Como los derechos de autor no son porcentuales sino que se limitan a un pago único, sin relación alguna con el volumen de ventas, es perceptible en los autores y aún en los propios editores, un cierto menosprecio hacia la recepción. Si esto puede ser considerado como incremento en libertad de creación, en los hechos genera pérdida de contacto con el muy específico destinatario del libro para niños y adolescentes.
Al depender de las pequeñas editoriales e imprentas provinciales, la mayoría de los títulos producidos en Cuba en las últimas dos o tres décadas ha tenido una circulación restringida a su provincia o a las limítrofes, apenas prolongada por la red Ateneo de librerías especializadas. Muchos títulos carecen de crítica y los encuentros con el público no procuran suficiente “retorno” a los autores, quienes generan una relación poco sana con un limitado círculo de iniciados. La reimpresión de títulos –incluso aquellos que consiguen éxito de público y crítica, y los clásicos o canónicos– es extremadamente rara. Pero incluso cuando se le ofrece la ocasión de publicar, los autores prefieren dar paso a inéditos… que no siempre han alcanzado la necesaria madurez o carecen de fuerza renovadora.

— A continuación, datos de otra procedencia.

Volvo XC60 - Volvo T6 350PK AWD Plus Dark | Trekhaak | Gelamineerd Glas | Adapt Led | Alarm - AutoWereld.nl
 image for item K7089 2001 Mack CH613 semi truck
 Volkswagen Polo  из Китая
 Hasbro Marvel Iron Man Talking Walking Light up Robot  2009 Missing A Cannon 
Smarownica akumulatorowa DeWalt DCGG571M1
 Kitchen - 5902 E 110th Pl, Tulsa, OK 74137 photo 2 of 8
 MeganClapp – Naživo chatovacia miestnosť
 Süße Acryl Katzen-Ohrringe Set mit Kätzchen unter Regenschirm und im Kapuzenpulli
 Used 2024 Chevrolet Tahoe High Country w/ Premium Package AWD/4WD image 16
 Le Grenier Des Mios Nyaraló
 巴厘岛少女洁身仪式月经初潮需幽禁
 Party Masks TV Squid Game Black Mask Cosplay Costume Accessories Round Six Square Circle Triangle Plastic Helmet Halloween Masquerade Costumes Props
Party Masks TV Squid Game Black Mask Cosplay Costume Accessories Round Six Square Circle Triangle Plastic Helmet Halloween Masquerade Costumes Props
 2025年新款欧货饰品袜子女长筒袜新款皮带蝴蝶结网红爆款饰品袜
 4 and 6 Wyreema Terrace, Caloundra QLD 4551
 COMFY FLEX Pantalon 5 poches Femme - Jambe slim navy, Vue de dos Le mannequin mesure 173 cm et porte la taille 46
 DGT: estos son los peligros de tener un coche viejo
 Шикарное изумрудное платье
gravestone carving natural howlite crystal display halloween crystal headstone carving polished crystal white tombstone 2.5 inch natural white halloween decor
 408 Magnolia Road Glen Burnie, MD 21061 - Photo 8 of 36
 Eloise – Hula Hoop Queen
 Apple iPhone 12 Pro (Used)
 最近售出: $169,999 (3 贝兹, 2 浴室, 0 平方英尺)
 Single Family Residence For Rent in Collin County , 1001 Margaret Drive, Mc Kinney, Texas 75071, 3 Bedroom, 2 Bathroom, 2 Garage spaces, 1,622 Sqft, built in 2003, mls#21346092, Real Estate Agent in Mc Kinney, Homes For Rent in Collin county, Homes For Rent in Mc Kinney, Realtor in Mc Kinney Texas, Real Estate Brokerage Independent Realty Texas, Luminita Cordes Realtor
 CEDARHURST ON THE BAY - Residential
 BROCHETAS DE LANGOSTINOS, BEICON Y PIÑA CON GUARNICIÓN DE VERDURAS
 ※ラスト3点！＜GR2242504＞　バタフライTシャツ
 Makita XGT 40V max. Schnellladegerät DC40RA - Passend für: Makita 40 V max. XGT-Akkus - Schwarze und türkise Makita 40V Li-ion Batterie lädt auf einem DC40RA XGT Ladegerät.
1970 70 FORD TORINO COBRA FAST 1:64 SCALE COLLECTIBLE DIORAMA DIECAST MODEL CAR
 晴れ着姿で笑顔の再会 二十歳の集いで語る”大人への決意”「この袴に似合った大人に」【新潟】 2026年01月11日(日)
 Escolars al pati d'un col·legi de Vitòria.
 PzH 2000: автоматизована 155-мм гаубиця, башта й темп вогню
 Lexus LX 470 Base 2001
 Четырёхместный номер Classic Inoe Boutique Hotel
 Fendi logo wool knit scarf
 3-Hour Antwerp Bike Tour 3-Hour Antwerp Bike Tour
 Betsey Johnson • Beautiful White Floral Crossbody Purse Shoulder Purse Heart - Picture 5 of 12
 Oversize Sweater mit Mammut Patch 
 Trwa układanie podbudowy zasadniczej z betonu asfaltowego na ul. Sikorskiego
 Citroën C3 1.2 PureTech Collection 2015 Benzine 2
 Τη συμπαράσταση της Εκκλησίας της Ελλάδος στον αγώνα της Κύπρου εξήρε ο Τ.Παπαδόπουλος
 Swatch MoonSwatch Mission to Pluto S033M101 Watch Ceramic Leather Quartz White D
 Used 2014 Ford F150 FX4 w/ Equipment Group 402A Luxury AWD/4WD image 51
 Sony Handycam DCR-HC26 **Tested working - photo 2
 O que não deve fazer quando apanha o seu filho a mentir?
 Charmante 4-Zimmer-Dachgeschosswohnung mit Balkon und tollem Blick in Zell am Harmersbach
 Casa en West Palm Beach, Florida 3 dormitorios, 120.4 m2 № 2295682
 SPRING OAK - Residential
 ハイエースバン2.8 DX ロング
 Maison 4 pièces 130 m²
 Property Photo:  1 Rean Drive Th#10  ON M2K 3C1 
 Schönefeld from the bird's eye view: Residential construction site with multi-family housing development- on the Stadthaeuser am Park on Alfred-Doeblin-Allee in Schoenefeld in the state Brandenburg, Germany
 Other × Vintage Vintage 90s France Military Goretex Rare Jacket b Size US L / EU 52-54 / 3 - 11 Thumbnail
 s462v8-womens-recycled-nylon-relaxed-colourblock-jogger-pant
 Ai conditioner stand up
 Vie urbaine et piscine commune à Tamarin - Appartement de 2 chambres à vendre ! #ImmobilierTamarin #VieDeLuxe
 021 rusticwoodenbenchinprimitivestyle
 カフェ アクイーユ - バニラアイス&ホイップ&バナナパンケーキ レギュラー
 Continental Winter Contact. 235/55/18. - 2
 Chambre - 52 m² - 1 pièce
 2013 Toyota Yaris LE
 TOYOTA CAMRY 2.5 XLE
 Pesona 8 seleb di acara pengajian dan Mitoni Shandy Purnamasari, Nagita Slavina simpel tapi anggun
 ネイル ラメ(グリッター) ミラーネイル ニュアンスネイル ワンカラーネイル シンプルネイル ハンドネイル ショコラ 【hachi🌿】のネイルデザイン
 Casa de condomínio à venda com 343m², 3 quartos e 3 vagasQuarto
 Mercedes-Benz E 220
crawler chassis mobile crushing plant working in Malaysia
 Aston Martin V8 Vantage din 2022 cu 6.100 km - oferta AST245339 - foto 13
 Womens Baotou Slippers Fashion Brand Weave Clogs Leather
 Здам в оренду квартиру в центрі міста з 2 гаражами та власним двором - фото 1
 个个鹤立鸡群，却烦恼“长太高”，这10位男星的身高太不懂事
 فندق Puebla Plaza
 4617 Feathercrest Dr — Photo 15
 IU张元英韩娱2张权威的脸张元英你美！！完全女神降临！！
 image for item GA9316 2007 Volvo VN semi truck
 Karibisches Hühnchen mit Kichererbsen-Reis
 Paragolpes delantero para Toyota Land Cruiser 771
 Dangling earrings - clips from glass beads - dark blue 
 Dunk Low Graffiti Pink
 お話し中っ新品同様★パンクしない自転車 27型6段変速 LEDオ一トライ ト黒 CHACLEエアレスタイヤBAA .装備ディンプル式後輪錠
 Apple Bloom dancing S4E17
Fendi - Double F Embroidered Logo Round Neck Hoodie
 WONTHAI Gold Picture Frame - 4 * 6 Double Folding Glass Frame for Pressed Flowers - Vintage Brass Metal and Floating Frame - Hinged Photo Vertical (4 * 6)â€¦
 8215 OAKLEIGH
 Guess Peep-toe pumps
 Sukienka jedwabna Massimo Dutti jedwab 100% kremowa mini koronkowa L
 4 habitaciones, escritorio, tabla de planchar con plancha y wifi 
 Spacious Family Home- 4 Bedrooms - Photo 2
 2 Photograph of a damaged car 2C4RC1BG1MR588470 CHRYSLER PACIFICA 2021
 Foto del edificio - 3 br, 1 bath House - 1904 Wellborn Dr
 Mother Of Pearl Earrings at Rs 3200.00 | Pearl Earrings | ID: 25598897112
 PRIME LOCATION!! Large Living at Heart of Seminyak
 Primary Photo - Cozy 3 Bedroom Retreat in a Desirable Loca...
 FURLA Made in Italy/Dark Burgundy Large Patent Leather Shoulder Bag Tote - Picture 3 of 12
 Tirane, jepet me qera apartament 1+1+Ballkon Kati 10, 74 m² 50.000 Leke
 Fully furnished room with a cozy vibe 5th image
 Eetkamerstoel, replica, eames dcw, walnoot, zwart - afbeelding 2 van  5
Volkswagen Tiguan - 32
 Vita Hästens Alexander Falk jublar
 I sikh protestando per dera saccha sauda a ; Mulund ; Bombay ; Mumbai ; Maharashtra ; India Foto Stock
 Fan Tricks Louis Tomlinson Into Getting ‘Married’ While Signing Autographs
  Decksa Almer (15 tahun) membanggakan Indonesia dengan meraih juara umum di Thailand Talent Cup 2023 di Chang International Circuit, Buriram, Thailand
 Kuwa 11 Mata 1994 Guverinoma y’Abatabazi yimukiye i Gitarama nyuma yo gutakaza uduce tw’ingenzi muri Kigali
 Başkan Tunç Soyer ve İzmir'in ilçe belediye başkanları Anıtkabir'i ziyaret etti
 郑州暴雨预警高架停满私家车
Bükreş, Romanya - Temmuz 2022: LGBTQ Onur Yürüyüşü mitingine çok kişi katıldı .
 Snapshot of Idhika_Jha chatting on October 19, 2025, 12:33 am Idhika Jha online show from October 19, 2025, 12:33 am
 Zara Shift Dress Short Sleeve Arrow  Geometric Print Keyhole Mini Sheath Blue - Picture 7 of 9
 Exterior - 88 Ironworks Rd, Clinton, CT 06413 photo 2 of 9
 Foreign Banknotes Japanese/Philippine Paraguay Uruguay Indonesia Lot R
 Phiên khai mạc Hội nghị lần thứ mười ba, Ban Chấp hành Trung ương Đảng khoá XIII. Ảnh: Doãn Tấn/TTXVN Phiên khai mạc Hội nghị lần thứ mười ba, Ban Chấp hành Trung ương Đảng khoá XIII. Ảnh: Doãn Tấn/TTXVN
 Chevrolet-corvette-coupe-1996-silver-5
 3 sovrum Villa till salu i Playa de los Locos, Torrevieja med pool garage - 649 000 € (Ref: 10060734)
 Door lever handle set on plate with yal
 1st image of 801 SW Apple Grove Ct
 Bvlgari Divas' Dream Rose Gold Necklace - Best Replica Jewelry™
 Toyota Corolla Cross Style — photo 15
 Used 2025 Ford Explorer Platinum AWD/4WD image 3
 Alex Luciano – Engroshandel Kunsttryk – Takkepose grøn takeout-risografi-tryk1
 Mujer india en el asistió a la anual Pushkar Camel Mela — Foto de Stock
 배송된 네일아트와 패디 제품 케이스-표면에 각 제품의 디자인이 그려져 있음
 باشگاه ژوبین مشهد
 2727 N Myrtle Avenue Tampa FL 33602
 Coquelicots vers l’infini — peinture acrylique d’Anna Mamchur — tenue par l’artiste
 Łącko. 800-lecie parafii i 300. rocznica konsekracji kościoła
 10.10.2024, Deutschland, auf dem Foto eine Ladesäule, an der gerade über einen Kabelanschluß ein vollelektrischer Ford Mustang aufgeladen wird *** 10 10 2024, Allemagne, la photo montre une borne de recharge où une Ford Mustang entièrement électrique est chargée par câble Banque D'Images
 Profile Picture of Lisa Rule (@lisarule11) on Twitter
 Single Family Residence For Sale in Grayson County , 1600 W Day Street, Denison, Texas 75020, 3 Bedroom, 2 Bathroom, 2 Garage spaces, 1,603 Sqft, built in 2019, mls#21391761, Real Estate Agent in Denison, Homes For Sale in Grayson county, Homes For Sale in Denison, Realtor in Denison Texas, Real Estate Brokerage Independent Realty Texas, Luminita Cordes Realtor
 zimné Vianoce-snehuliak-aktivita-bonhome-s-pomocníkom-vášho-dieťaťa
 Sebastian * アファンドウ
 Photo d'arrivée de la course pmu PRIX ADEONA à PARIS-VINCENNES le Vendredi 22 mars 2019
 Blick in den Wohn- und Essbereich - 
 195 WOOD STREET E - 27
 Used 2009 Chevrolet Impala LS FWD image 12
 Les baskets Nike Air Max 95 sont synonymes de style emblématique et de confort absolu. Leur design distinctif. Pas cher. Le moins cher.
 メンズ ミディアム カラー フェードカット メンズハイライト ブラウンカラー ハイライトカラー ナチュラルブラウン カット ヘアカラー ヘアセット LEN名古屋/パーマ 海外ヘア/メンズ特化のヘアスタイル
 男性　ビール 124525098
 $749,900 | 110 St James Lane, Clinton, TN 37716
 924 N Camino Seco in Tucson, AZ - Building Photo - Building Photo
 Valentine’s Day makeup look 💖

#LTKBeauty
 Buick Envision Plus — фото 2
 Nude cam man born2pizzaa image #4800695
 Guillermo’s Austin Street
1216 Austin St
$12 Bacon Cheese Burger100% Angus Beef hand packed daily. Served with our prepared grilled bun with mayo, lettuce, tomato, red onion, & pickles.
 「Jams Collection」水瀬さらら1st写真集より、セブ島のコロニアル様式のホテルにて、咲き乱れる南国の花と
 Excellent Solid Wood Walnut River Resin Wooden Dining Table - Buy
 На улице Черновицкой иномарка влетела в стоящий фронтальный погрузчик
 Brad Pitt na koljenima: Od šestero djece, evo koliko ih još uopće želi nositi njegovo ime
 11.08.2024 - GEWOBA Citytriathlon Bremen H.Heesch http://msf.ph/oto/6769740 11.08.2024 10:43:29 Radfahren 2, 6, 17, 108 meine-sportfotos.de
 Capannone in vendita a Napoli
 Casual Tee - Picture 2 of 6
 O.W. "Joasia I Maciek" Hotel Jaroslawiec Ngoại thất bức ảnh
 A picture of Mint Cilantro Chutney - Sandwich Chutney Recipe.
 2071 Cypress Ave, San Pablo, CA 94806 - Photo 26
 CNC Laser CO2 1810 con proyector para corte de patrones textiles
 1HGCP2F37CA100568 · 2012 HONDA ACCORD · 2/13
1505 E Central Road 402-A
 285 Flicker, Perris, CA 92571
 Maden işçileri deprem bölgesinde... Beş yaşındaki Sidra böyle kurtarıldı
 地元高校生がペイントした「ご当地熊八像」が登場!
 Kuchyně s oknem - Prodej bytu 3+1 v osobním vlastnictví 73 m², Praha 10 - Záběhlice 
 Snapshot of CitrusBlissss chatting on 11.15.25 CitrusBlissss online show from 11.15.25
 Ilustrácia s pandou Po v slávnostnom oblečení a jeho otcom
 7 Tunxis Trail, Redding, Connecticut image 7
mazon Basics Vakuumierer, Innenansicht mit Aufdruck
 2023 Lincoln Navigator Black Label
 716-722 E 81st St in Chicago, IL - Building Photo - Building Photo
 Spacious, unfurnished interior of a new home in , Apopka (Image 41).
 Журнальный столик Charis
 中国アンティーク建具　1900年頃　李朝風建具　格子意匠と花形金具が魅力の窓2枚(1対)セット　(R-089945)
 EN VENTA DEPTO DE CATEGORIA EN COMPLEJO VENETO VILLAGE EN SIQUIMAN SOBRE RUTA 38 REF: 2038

Empecé diciendo que la literatura infantojuvenil cubana siempre ha mantenido una relación estrecha con las problemáticas de su tiempo. Ello explica la gran cantidad de títulos que hoy reflejan el desencanto ante un modelo nacionalista-autoritario de Estado que solo en retórica garantiza las necesidades básicas de la población. Los niños y adolescentes comparten con sus adultos las escaseces materiales, la desmotivación, la corrupción y el derrumbe de los servicios (educación, salud, jubilaciones) y de diversas estructuras fundamentales (vivienda, vías de comunicación, agua, electricidad). El problema es que, en un país donde no hay libertad de prensa, muchos escritores utilizan el libro infantojuvenil para expresar su decepción, sin precisar las verdaderas causas del problema. Los llamados “temas tabú” dominan hoy el panorama editorial (son los libros más frecuentemente premiados y elogiados por la crítica) con una pléyade de familias disfuncionales, adultos violentos o incapaces (como padres o maestros) de cumplir su función de formación y protección de los más jóvenes. Paradójicamente, los escritores –que no pueden decir francamente que todo ello es resultado de un modelo sociedad y de ejercicio del poder fallido– tampoco cumplen su misión de formación y protección de niños y adolescentes a través de la literatura.
París, 31 de diciembre de 2021
Joel Franz Rosell
Joel Franz Rosell (Cuba, 1954) es escritor, ilustrador y crítico de literatura infantil y juvenil. Reside en París, de manera más o menos permanente, desde 1994. Ha publicado treinta y cinco libros para niños y adolescentes en doce países y una decena de lenguas, especialmente en España, Francia, Cuba, México, Argentina, Colombia, Brasil y otros países de Europa y Asia. Ha desarrollado una importante labor de investigación y crítica del libro infantojuvenil.